The only thing that is my absolute favourite would be the slickneasy block. That's one thing I have to have in my grooming bucket.


----------



## ClassicalRomantic (Jun 2, 2009)

all the Eqyss products! so worth the money! my mare has a great looking coat from the Avacado mist and whens he gets her baths she is super clean and looks so healthy! 

Dawn dish soap works good on white legs!


----------



## IrishRider (Aug 7, 2008)

My two favorite items are the Slick N' Easy block and Hair Moisturizer. My groom box never goes without these two items.


----------



## ClassicalRomantic (Jun 2, 2009)

Oh and how can i forget Coconut Oil? that stuff is the best!!!!!!!!


----------



## kchfuller (Feb 1, 2008)

love love love:
Infusium (went and bought some for myself b/c it works so good on the horses)
Vetrolin
Vetrolin shine
Laser Sheen

Non "product"
Hoof pick with the hard bristled brush on the end
large brush
comb


----------



## drafteventer (Jul 6, 2009)

Definitely my oster mane brush, it works really great for combing my horses wirey mane.









Slick 'n' Easy block, I always have one in my grooming box, I gets rid of bot eggs and old hair.

White 'n' Brite shampoo- Always in my wash kit, I noticed a difference immediatly, my horses mane, tail and feathers are noticibly whiter and uh...brighter xD.

Showsheen- Another must have in my grooming kit, not used everyday obviously xD buut is great for getting tangles out.

Oh and my jelly curry 

EDIT: AND my tiny face brush I use for my horses ears, which sometimes get a little crusty xD


----------



## Vidaloco (Sep 14, 2007)

^^^ My husband has one of those Oster mane and tail brushes like yours. Its it a great brush. 
Looks like there are quite a few Mane and Tail Detangler lovers out there. It is great stuff. I need to check the difference in price and ingredient between it and the Infusium They both give the same silky hair feel.


----------



## 7Ponies (May 21, 2009)

I've used WonderBlue shampoo for probably 20 years, and I still love it. Smells so great! And rinses out easily.


----------



## mudypony (Jan 30, 2008)

> all the Eqyss products! so worth the money! my mare has a great looking coat from the Avacado mist and whens he gets her baths she is super clean and looks so healthy!

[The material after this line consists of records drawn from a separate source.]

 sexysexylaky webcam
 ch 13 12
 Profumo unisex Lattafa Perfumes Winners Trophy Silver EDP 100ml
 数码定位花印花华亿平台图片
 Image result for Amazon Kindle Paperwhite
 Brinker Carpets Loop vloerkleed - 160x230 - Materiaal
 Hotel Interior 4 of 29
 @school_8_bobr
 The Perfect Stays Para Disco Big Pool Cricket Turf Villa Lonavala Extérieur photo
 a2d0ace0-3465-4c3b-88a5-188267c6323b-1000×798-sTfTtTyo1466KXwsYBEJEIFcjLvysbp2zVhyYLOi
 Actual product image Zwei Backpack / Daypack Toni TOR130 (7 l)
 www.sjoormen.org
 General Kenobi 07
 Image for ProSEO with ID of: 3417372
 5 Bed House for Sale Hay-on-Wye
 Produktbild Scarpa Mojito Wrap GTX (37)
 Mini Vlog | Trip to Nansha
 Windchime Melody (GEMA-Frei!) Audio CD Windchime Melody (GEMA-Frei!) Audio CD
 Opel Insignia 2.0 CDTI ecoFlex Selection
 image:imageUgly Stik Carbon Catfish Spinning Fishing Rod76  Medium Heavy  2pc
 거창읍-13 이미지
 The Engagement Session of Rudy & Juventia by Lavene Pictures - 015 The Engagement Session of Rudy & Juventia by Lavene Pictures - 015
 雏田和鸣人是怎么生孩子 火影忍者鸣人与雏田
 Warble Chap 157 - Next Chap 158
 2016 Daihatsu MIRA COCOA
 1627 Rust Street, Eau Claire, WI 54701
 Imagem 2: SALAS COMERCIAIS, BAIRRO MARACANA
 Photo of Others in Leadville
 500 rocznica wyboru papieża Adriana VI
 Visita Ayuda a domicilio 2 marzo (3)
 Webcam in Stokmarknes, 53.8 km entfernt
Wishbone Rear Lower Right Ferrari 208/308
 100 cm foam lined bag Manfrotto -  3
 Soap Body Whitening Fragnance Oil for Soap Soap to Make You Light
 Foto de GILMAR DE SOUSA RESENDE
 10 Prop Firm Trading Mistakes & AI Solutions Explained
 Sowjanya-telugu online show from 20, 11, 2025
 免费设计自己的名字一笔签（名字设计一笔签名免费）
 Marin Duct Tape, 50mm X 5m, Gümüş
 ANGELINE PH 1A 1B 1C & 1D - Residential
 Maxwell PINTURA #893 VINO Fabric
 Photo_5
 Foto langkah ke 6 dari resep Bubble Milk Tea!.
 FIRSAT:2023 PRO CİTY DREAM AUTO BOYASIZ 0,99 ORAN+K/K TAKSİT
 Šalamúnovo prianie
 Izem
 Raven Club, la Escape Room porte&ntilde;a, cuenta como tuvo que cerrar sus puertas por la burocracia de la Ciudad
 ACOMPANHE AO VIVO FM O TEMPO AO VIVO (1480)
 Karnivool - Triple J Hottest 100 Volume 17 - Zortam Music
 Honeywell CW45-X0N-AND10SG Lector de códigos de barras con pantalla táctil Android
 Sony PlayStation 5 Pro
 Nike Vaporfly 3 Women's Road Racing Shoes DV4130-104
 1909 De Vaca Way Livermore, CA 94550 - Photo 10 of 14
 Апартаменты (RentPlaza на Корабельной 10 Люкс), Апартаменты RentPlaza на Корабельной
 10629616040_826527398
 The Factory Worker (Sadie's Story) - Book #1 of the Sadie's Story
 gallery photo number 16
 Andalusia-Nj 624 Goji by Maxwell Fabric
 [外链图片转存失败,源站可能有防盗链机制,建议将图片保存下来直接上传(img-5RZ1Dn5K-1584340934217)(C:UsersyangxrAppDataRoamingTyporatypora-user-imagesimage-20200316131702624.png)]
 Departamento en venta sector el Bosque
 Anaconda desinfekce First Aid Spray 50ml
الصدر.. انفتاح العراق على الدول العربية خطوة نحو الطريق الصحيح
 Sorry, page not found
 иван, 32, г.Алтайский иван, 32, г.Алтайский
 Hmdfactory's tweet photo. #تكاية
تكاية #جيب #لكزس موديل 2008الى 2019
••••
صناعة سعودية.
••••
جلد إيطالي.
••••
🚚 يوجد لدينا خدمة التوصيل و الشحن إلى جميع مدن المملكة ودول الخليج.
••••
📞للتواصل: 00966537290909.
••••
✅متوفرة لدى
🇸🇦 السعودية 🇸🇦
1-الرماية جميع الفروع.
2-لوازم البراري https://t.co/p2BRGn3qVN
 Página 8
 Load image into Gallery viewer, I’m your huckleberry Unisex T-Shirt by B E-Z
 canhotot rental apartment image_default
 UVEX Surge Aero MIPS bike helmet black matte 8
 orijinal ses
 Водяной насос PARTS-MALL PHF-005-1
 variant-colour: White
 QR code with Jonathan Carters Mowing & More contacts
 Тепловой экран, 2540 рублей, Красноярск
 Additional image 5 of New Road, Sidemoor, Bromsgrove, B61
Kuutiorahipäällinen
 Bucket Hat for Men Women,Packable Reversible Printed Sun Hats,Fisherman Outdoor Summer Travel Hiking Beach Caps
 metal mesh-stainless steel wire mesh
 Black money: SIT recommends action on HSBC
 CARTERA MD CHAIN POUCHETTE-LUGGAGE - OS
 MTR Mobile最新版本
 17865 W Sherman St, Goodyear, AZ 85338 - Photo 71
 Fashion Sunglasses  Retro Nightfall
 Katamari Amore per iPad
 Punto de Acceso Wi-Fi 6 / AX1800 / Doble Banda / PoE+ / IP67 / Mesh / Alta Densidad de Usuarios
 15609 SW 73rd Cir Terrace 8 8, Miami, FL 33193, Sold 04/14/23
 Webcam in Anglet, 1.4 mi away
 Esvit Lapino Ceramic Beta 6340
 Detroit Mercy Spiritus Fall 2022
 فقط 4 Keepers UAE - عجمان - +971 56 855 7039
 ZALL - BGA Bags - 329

I agree! I love all the Eqyss products I've tried. Lately I've been trying them slowly one by one because they're so expensive, but I think the cost is worth it. So far I've tried the Eqyss shampoo and conditioner and the Avacado mist and I love all three products. I really want to try the Megatek Rebuilder, have you ever used it??


----------



## Prairies Dixie Lee (Aug 22, 2009)

mudypony said:


> I would definately recommend the Eqyss Premier Shampoo and Eqyss Cream Rinse (Conditioner) to anyone. It has left my horse cleaner than any other shampoo and rinsed out in one rinse, instead of 2 or 3 like other shampoos I've used. The conditioner is amazing and leaves the mane and tail like silk. As for the white spots I would use Quicsilver. It's amazing stuff! All you have to do is apply and scrub where you want it and then rinse after a few minutes.


Thanks I will try Eqyss Premier products!  Where do I find this product in a tack shop or at a local market?:?


----------



## Prairies Dixie Lee (Aug 22, 2009)

*Products*



AussieDaisyGirl said:


> The only thing that is my absolute favourite would be the slickneasy block. That's one thing I have to have in my grooming bucket.


Thanks for the advice! I will have to pick one up at my local tack shop next time I am there.


----------



## RadHenry09 (Mar 22, 2009)

Great tips on grooming products!
I know what you mean about keeping the white -white on the paints. Mine I have nicknamed affectionally "poop stain" lol, He always finds the only manure spot to lay down or roll in. : )
I have never tried the Eqyss line yet, I will have to keep that in mind as well.
I love , love , love the Oster mane and tail brush, both horses have one, it works wonders on Radar's thick mane.


----------



## yankee doodle (May 25, 2009)

The best product I use is "the worlds best hoof oil" (TM)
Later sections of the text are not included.